One of the more hotly disputed issues regarding the use of predictive coding is whether parties may use keyword searches to remove nonresponsive documents from a collection of potentially relevant information. Courts have so far provided mixed guidance on this issue, leaving litigants guessing whether their choice of combining keyword and predictive coding search methodologies—if challenged by an adversary—would receive judicial approval. Nevertheless, a new ruling from the Rio Tinto v. Vale (S.D.N.Y. 2015) litigation confirms that parties may blend these search methods to achieve reasonable and proportional productions of highly relevant information.

Mixed Signals on the Use of Keywords with Predictive Coding

By way of background, the courts until recently had sent litigants mixed signals on the use of keywords in connection with predictive coding. On the one hand, multiple courts—most notably the court in In re Biomet (N.D. Ind. 2013)—have approved this holistic approach toward document productions, finding that it satisfied a party's discovery obligations under the Federal Rules of Civil Procedure.

In Biomet, the plaintiffs argued that the defendant's production of documents was incomplete given that the defendant identified responsive information with search terms and predictive coding. The company first applied keyword searches and deduplication methods to reduce the universe of potentially responsive information from 19.5 million to 2.5 million documents. It then searched the remaining subset using a predictive coding process. Relying on scholarly research and statistical reports, the plaintiffs challenged the ability of keywords to return an acceptable recall of responsive information. Because the recall of keyword searches was arguably too low and could leave out too much responsive data, the plaintiffs urged the company to redo its production by running the predictive coding process against the original universe of 19.5 million documents.

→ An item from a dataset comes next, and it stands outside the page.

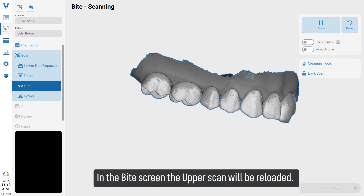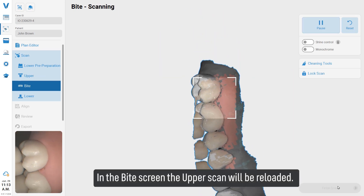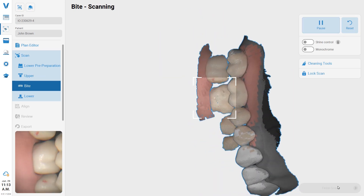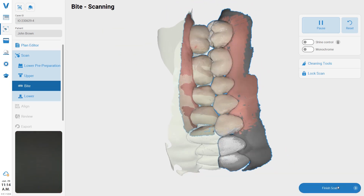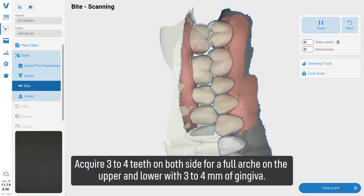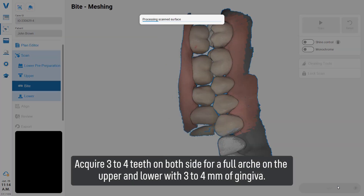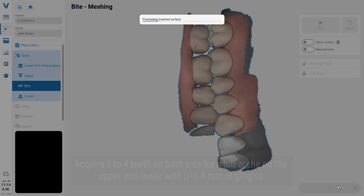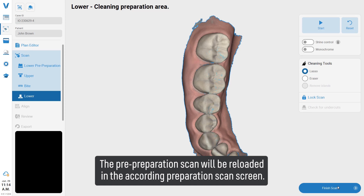In the bite screen, the upper scan will be reloaded. Reconnect the handpiece on the upper molars and acquire three to four teeth on both sides. For a full arch on the upper and lower, the pre-preparation scan will be reloaded.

The court nevertheless declined to order a redo, holding instead that the company's production of documents satisfied its discovery obligations under Rule 26(b) and Rule 34(b)(2). Nothing in the rules, observed the court, required the company to forego keyword searches. Moreover, even if some marginally relevant information had been bypassed in connection with the keyword searches, redoing the production at the anticipated seven-figure cost estimate would violate proportionality standards set forth in Rule 26(b)(2)(C).